ITPN Releases Two New Reports to Support Transition Planning and Finance
Ahead of COP30, the International Transition Plan Network (ITPN) released two new reports designed to help governments, financial institutions, and companies strengthen transition planning and mobilise finance. Developed through engagement with more than 40 public sector organisations across around 25 jurisdictions, these publications offer timely insights for policymakers and the private sector.
Private Sector Transition Plans: A Critical Tool for Mobilising Finance
The first report, Private Sector Transition Plans: A Critical Tool for Mobilising Finance, provides an overview of how private sector transition plans are driving finance flows and strengthening financial performance.
Aimed at public sector officials, it outlines where transition plans are already influencing investment decisions. A set of case studies included in the report show how organisations have used transition plans to mobilise transition finance.
The report outlines five mechanisms through which transition plans help mobilise finance:
- By enhancing market confidence through providing a means to assess credibility of commitments and feasibility of planned actions. This can also reduce risk of actual or perceived greenwashing and legal liabilities.
- Through managing risk by helping financial institutions, companies, and regulators identify and price forward-looking risk. This can reduce uncertainty, increase resilience, and support financial market stability.
- Identifying investment opportunities by assessing transition plan information when making decisions about financial products, portfolio construction, and capital allocation.
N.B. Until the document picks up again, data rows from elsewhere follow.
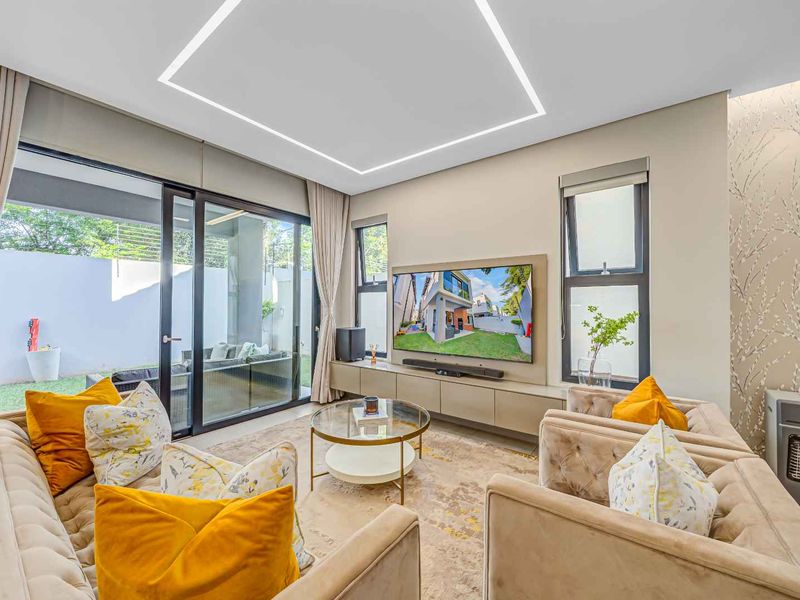 Modern living room featuring recessed LED ceiling lighting, built-in media cabinetry, and large sliding glass doors providing seamless access to the outdoor patio area.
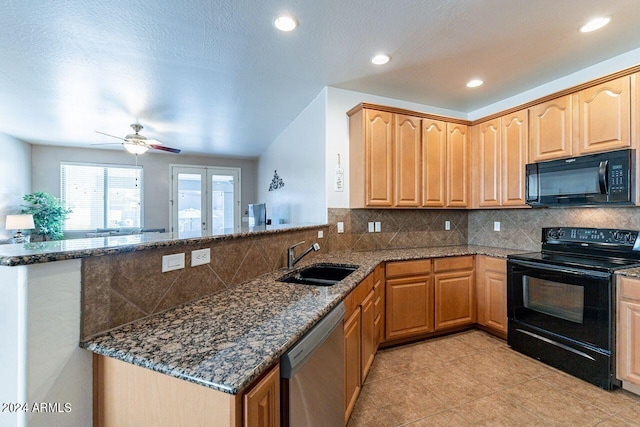 kitchen with black appliances, dark stone countertops, kitchen peninsula, sink, and ceiling fan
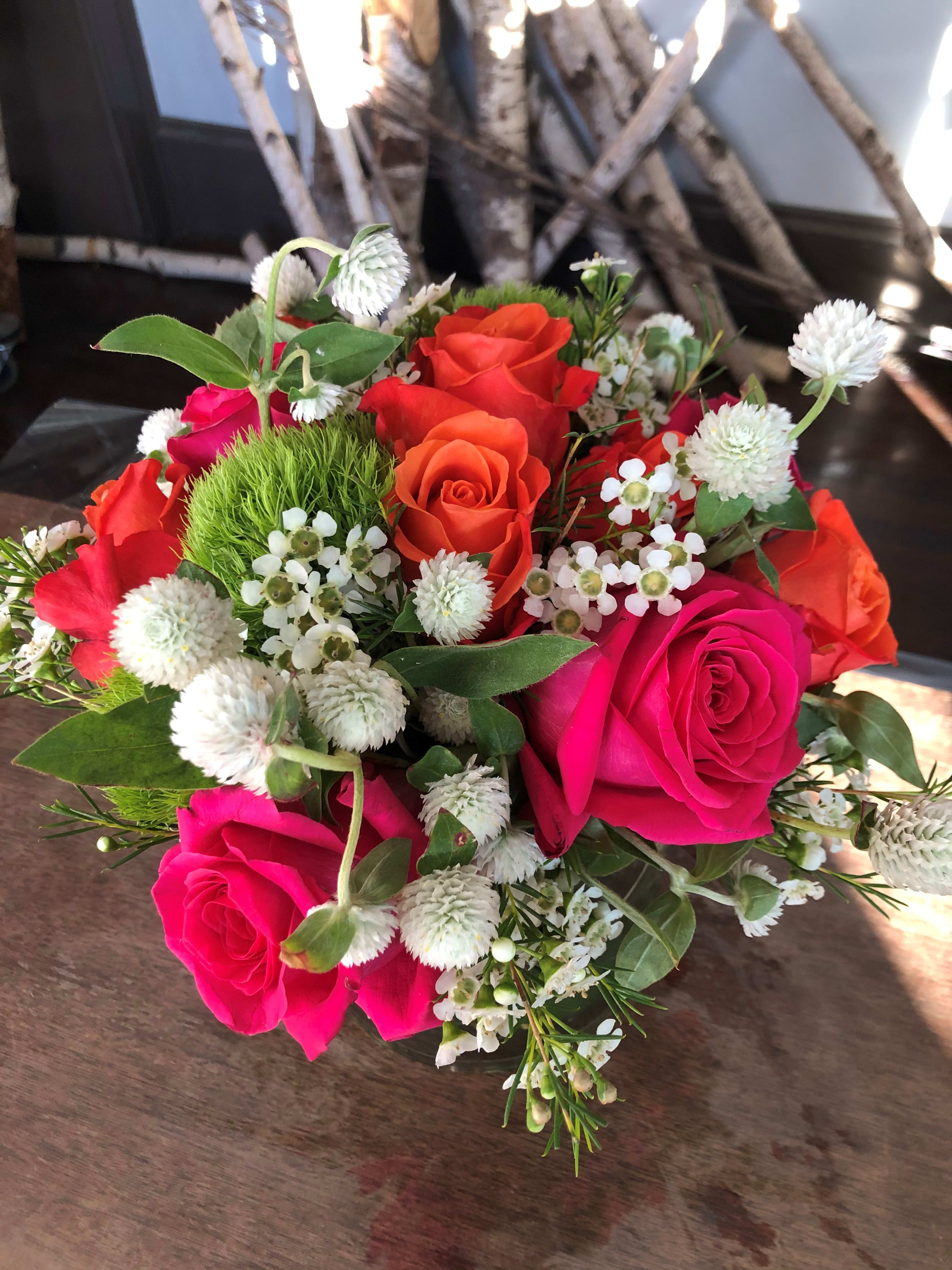 Rainbow Sherbet Rainbow Sherbet - Sweet and snappy with out hot pink and bright orange roses and touches of white, this will most certainly brighten someone's day!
- By driving value creation and competitive advantage through implementing a credible transition plan. This can deliver measurable financial benefits to companies, including reduced operational expenditure and access to new revenue streams.
- By influencing access to capital and financing costs by disclosing transition information. Companies may access financial advantages such as improved access to capital and for some sectors, lower cost of capital.
Monet Mooney, Lead author, Private Sector Transition Plans: A Critical Tool for Mobilising Finance says, “Credible transition plans can play a crucial role in the mobilisation of finance. They enhance market confidence, improve risk management, help identify investment opportunities, create value, and influence capital access and costs. Transition plans aren’t a compliance exercise – they’re strategic tools for competitiveness.”
Sector Transition Plans: A bridge between national ambition and company transition plans
ITPN also released Sector Transition Plans: A bridge between national ambition and company transition plans, produced with the TPI Centre for Global Transition at LSE.
The paper explores the emerging role of Sector Transition Plans as a tool to link national ambition with company-level transition planning.
It highlights three key ways these plans can support policymakers, companies, and financial institutions, drawing on examples from France, Australia, Japan, and Hebei province in China.
Governments seeking to create an enabling environment for private sector transition planning can look to Sector Transition Plans. These plans outline sector-level emissions pathways, technology roadmaps, and financing needs, and support the private sector by:
- Providing clear policy signals on the direction and pace of the transition.
- Helping companies understand geographically specific dependencies and feasible transition levers.
- Enabling more localised assessments of corporate transition plans and supporting transition finance.
Ben Gilbey, Lead author, Sector Transition Plans: A bridge between national ambition and company transition plans says, “Sector Transition Plans translate national ambition into actionable roadmaps for companies and investors. By grounding transition planning in sectoral and geographical context, governments can give markets the clarity and confidence needed to accelerate the flow of transition finance.”